#### [Work to be completed]
Please copy exactly the part of the records below that opens with the line containing "Aukcja sprzedaży 2017" and closes with the line containing "PRS Paul Reed", leaving out any pictures.

[Short descriptive text snippets]
-- -- --
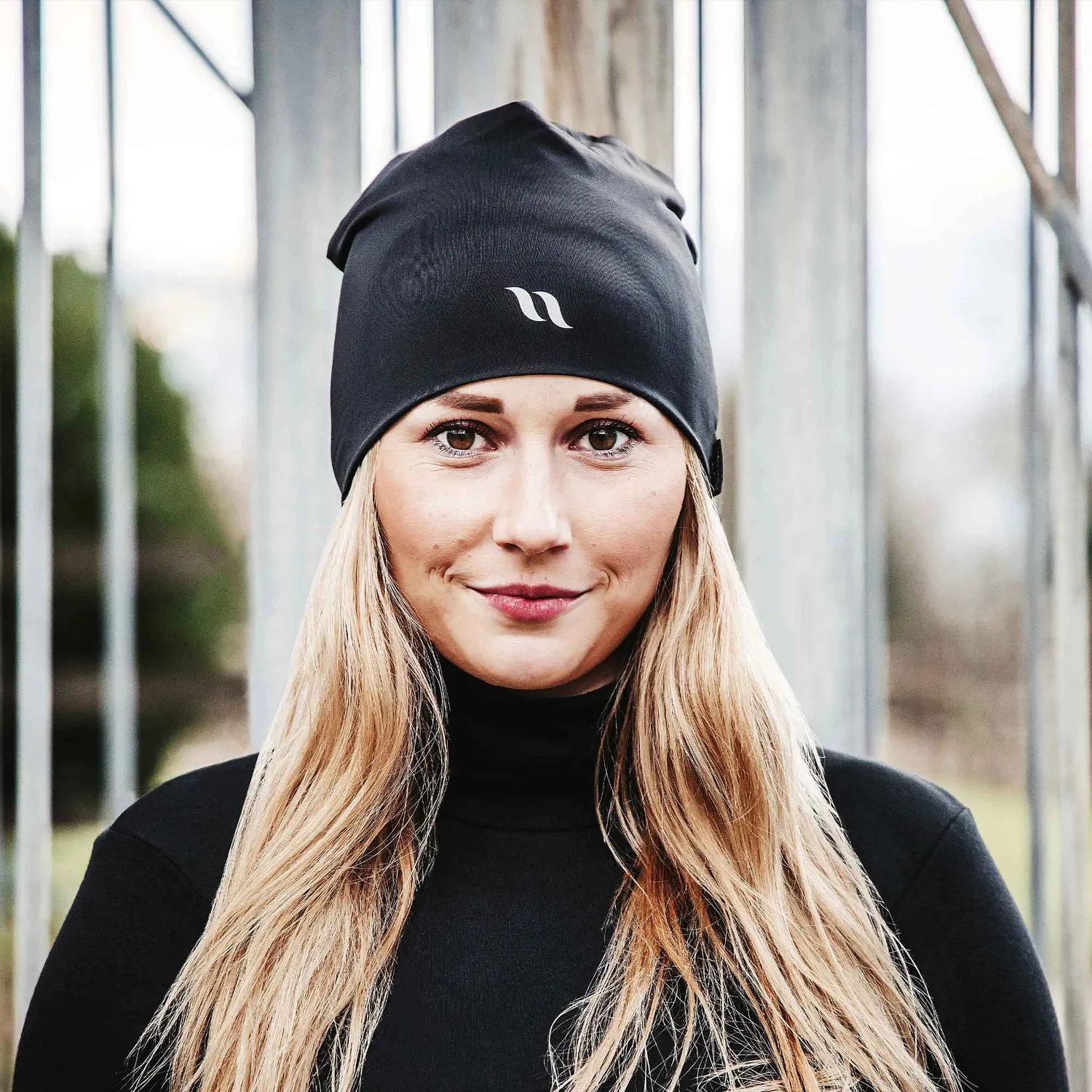 Back on Track Beanie Sport bonnet noir taille unique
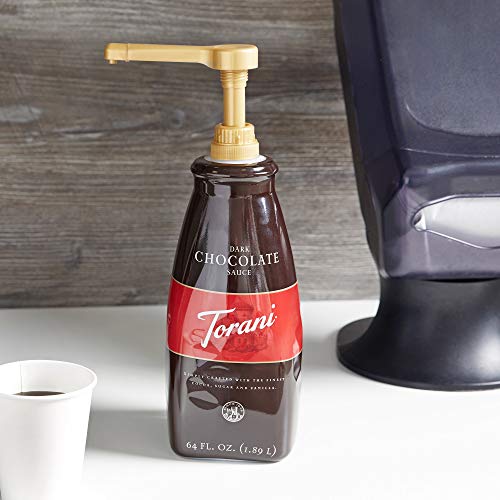 Torani Brand Sauce Pump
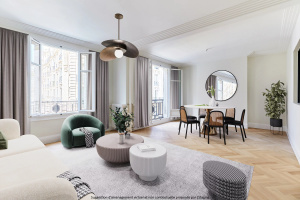 Paris 16th District – Elegant apartment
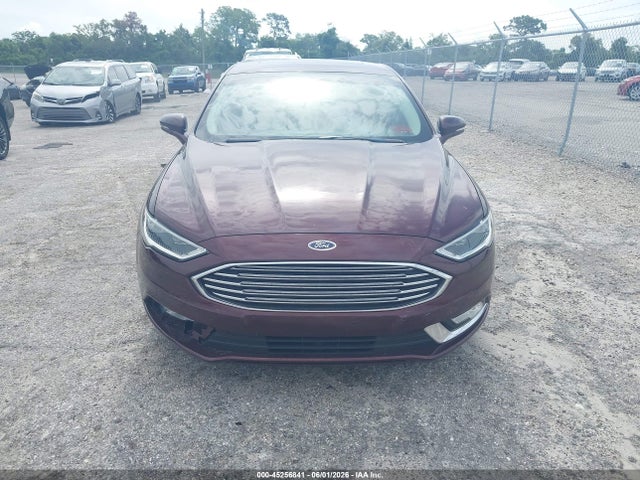 Aukcja sprzedaży 2017 Ford Fusion Energi Titanium, vin: 3FA6P0SUXHR161219, numer aukcji: 45256841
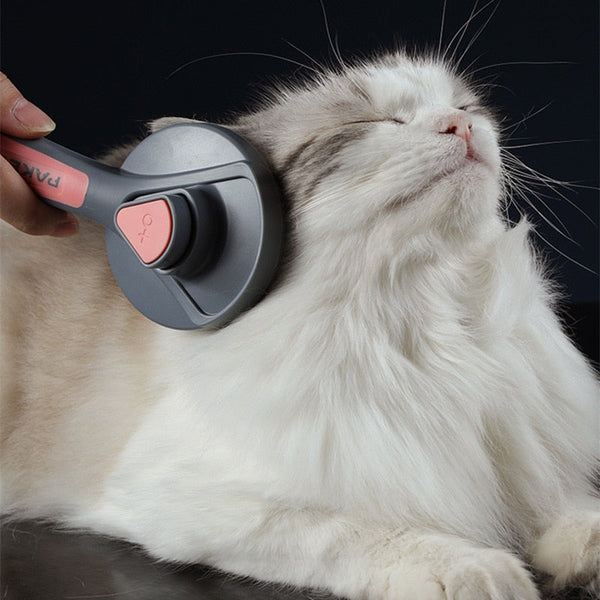 Self Cleaning Grooming Cat Brush
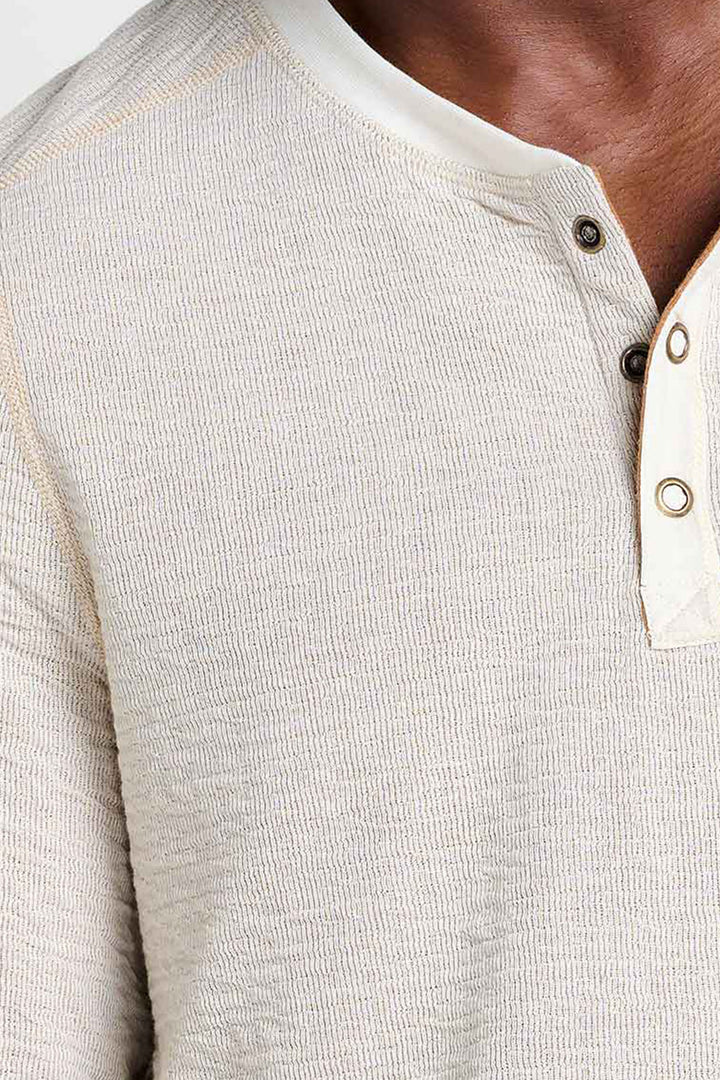 Nord Reversible Henley - Salt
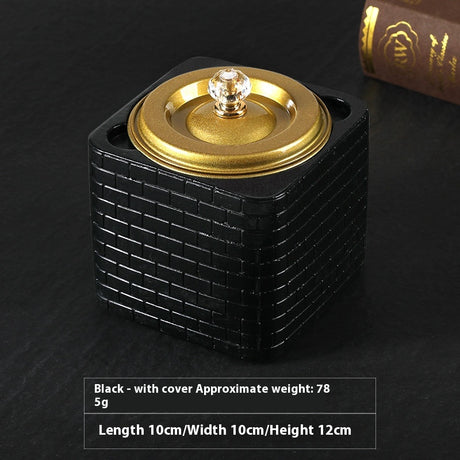 Cement Ashtray High-End Elegant Office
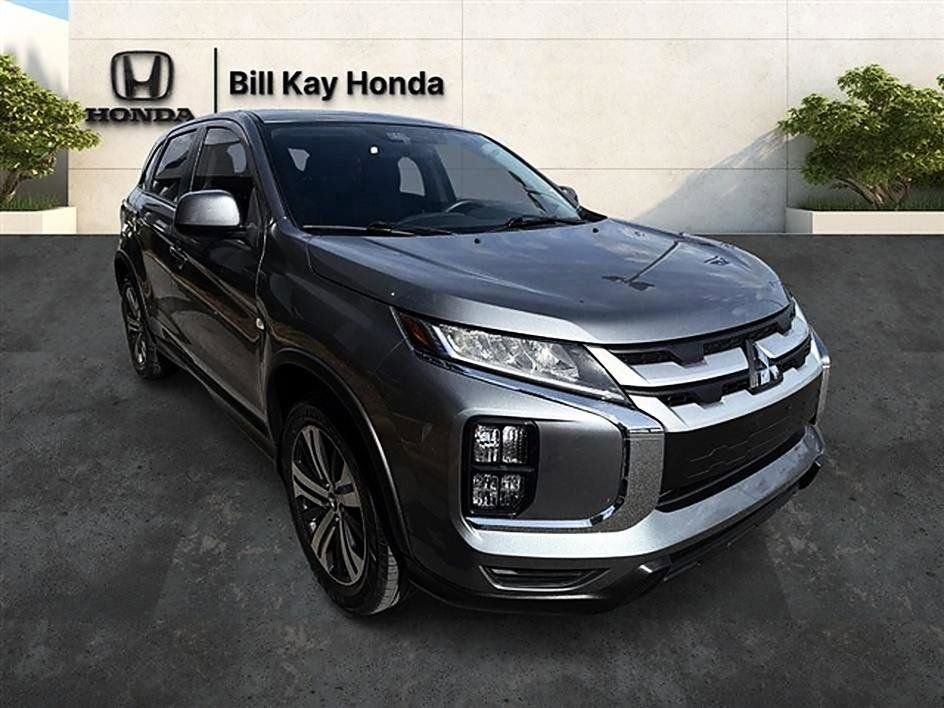 Used 2023 Mitsubishi Outlander Sport ES AWD/4WD image 1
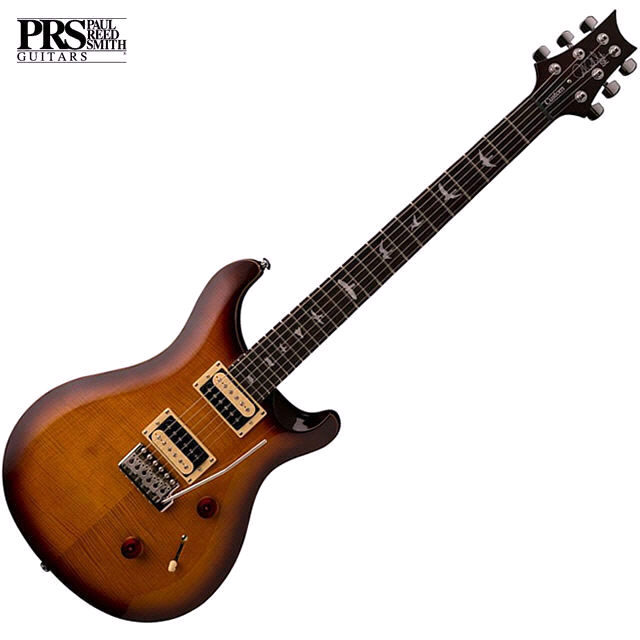 PRS Paul Reed Smith SE Custom 24 Electric Guitar Tobacco Sunburst New Model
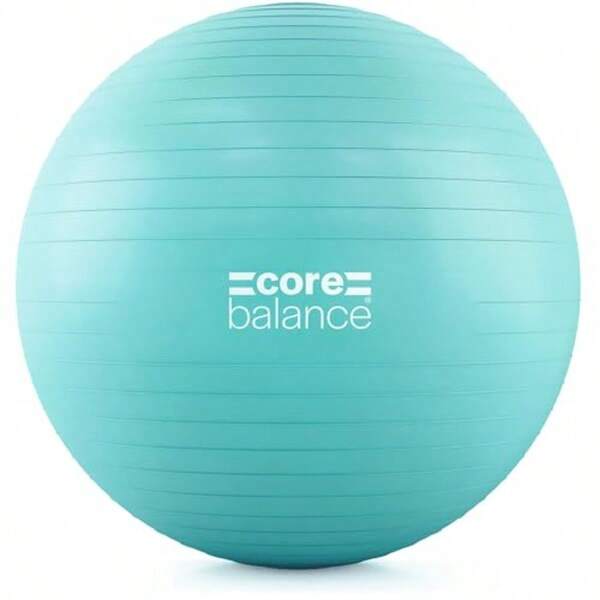 Pelota de ejercicio, pelota de estabilidad para yoga, pilates y fitness. Pelota de gimnasio para entrenamiento en casa y silla de oficina, terapia física, a prueba de explosión, incluye bomba. Tamaños: 55cm, 65cm, 75cm, 85cm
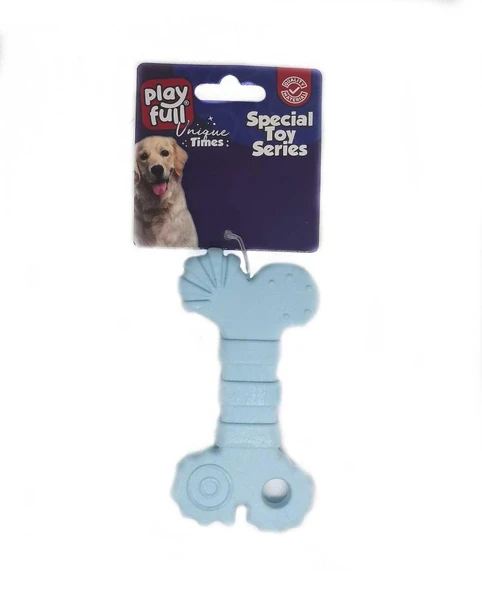 Playfull Kemik Şeklinde Köpek Oyuncağı 10x5,5 Cm ürün görseli 1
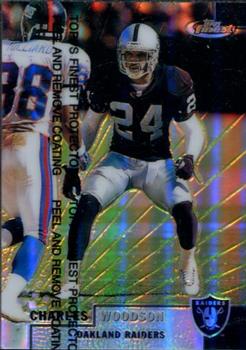 1999 Finest - Refractors #119 Charles Woodson Front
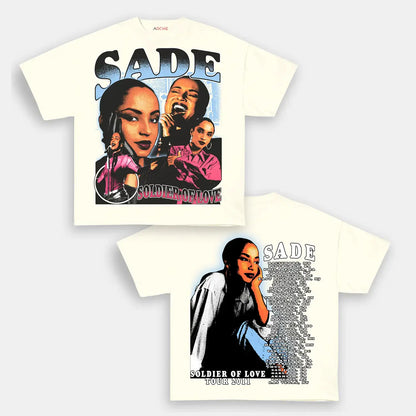 SADE TEE - [DS]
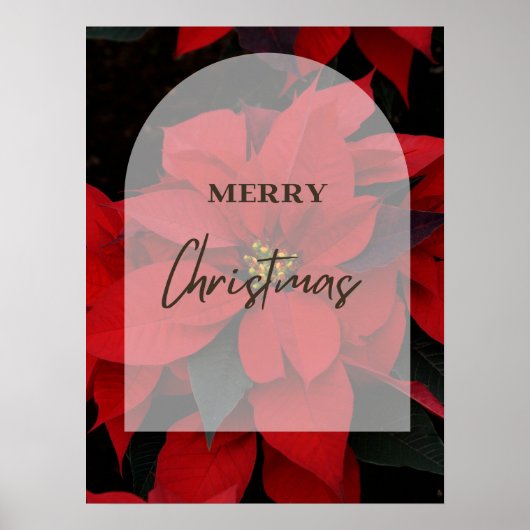 MERRY CHRISTMAS POSTER (Voorkant)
-- -- --
#### [Exercise answer]
 Aukcja sprzedaży 2017 Ford Fusion Energi Titanium, vin: 3FA6P0SUXHR161219, numer aukcji: 45256841
 Self Cleaning Grooming Cat Brush
 Nord Reversible Henley - Salt
 Cement Ashtray High-End Elegant Office
 Used 2023 Mitsubishi Outlander Sport ES AWD/4WD image 1
 PRS Paul Reed Smith SE Custom 24 Electric Guitar Tobacco Sunburst New Model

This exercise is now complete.